- Work request
From the line holding "NFL Tampa Bay" through the line holding "Satellite imagery of West Tower Mine, US" below, write out every line exactly; include both of those lines and drop the pictures.

- Material for this exercise
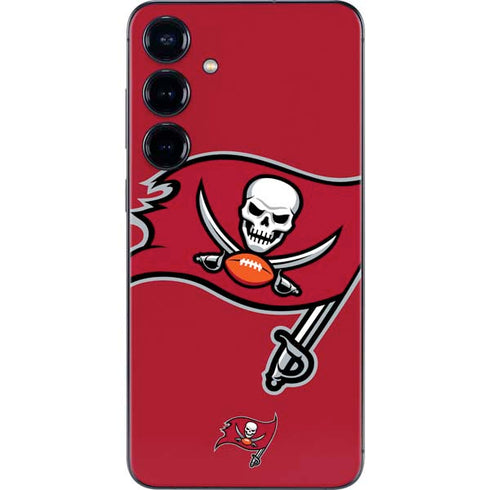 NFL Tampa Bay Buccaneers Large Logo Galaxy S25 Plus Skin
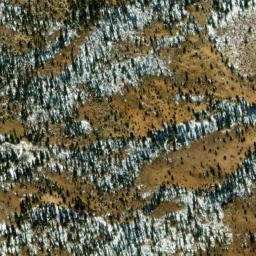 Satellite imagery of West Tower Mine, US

--

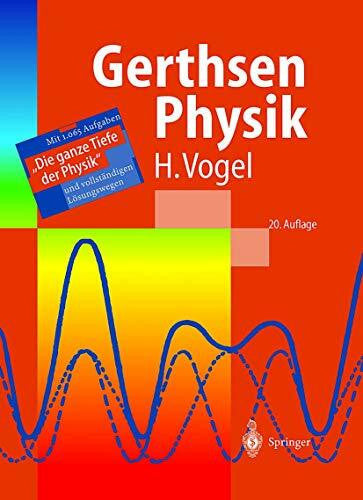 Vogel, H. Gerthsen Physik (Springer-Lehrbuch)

* * *

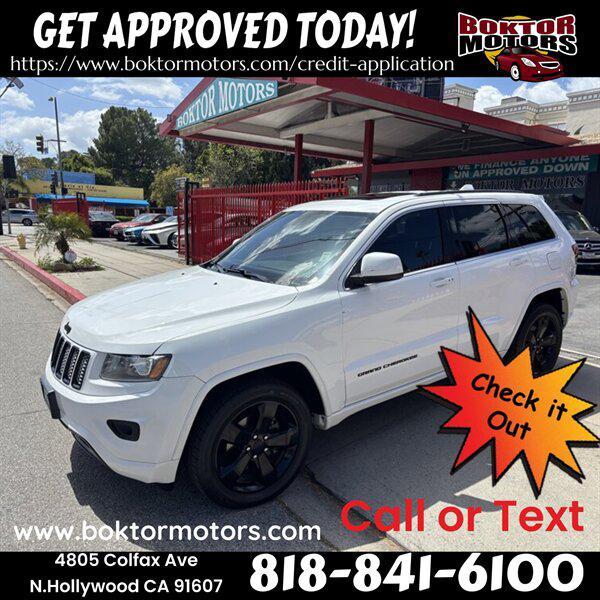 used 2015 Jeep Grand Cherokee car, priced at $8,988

- Exercise response
 NFL Tampa Bay Buccaneers Large Logo Galaxy S25 Plus Skin
 Satellite imagery of West Tower Mine, US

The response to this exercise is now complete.